However, in order to predict the outcome of drug release from fibers, it is important to consider the interaction among the various factors in such a complex system. We have already discussed how the drug state controls drug release. However, sometimes high drug loadings are needed for long term applications. Usually, at high loads, the drug will crystallize and/or phase-separate from the polymer and form conglomerates that will produce a heterogeneous distribution of the drug inside the fibers [35, 56] or deposition on the fiber surface [55]. Thus, in long term release applications where high amounts of loaded drug are required, a compromise must be found between loading and release rate that change in contrary directions [57]. Careful consideration should also be paid when selecting best pair of polymer and drug, although some applications require material properties that may not match in terms of compatibility the drugs used in the treatment of the targeted diseases.

2.3 Release Modeling

As summarized in Table 1, a multitude of drug/biomolecules loaded fibers have already been produced. They have been produced either from polymers (synthetic and natural) or inorganic compounds.
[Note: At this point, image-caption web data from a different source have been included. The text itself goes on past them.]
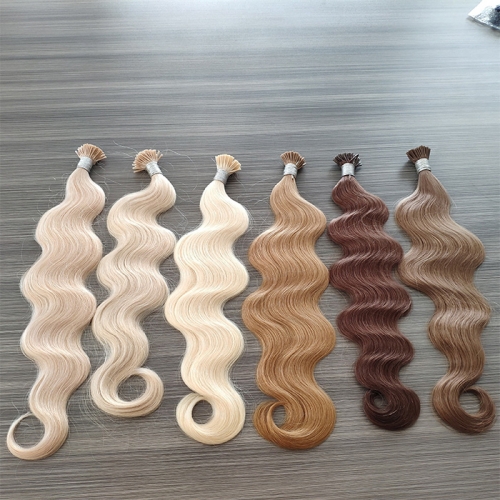 Dark /Light /Mix Color Stick/I Tip Body Wave Hair Extensions (100strands/100grams)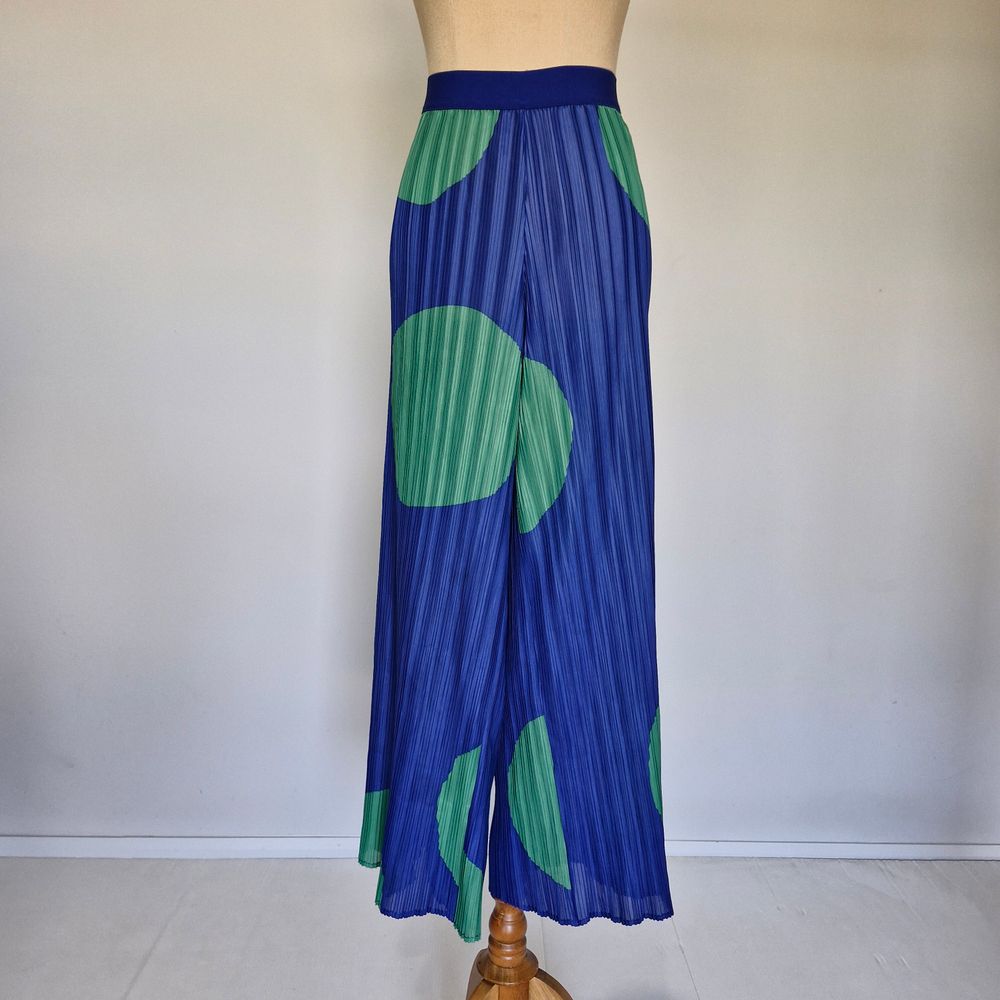 Gorman Bubble Trouble Blue & Green Spot Pleated High Rise Wide Leg Pants Size 16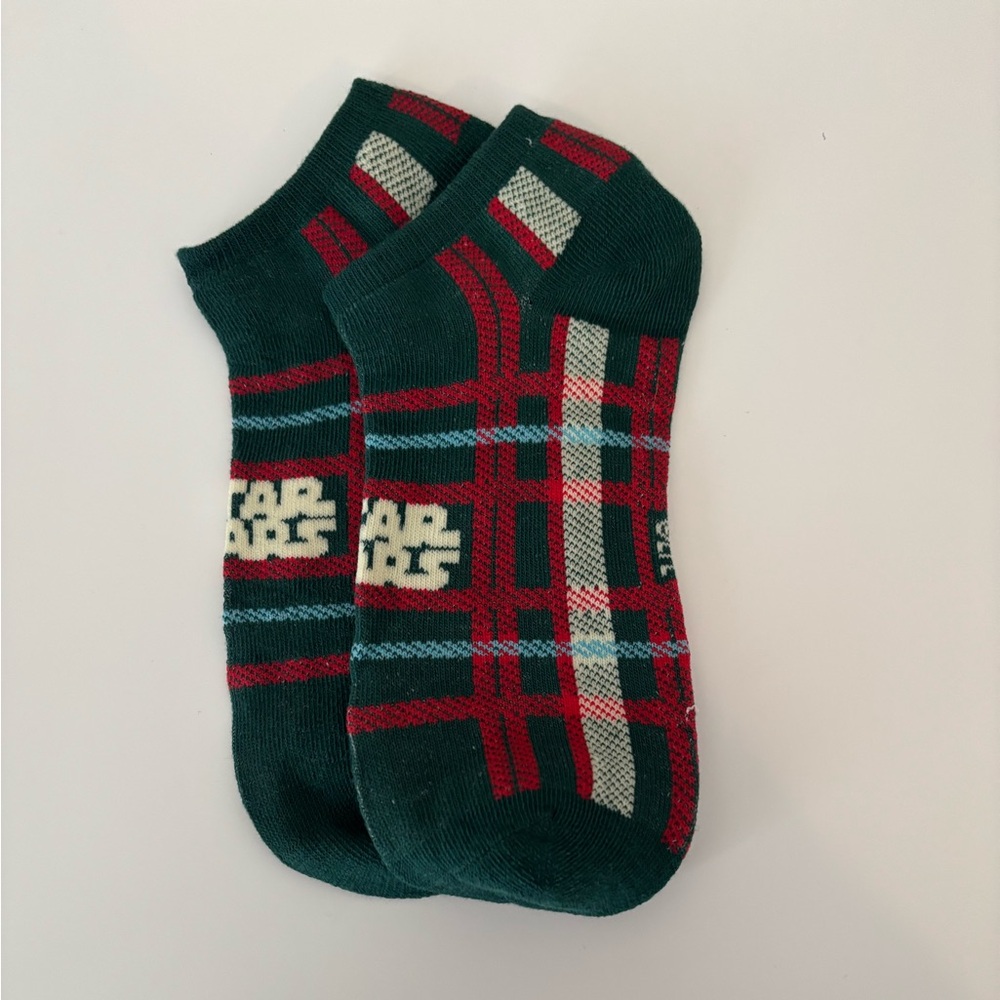 Star Wars Women’s Plaid Socks - Dark Green and Red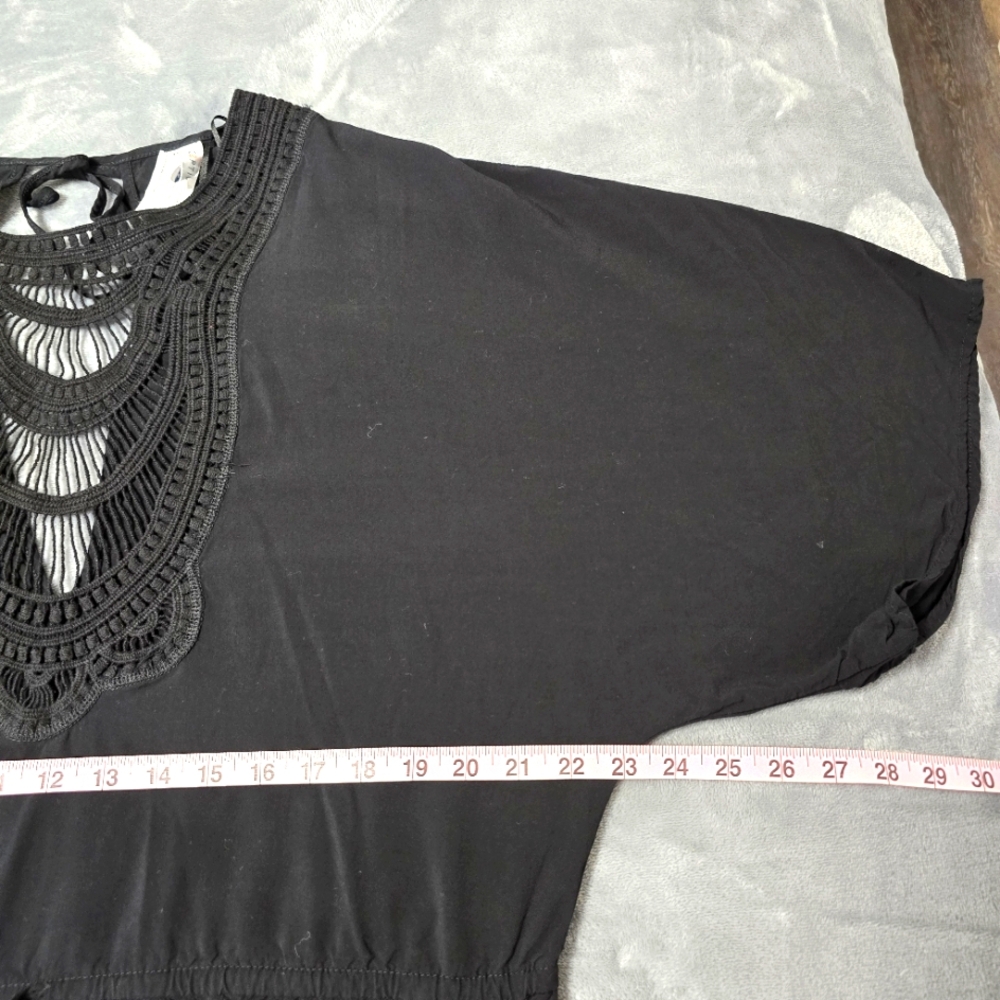 2/$30 Captiva Black Swim Beach Cover Up Womens Size M Crochet Detail Resortwear - Picture 7 of 15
Most of the release mechanisms were attributed to drug diffusion (as it is the case for most non-biodegradable, non-erodible polymers), solvent diffusion (as in the case of natural polymers that are usually hydrophilic [58]), polymer erosion (as in the case of erodible (bio)polymers [53, 54]), polymer degradation (as for hydrolytic or enzymatic degradable polymers) or external triggers (like a magnetic field). In the release system governed by drug diffusion, one has to consider two cases, one in which the diffusion takes place through the bulk of polymer (bulk diffusion) or through a membrane/layer (barrier diffusion, similar to the reservoir devices as in the case of core–shell fibers, composite fibers or multilayered constructs). There are cases in which several mass transport mechanisms superpose. However, in most cases, there is only one that is the “rate-limiting” step. For example, in the case in which diffusion is coupled with chemical reaction (in most cases, hydrolysis), if diffusion is faster than the chemical reaction, then mass transfer is controlled by the polymer degradation [59] and when diffusion is not much faster than reaction, then diffusion and degradation superpose [40]. In some systems, the release process is composed of sequential stages, with each stage being controlled by a different phenomenon. For example, in the first stage you can have the drug release controlled by the polymer erosion and subsequent diffusion, followed by polymer degradation control stage [60].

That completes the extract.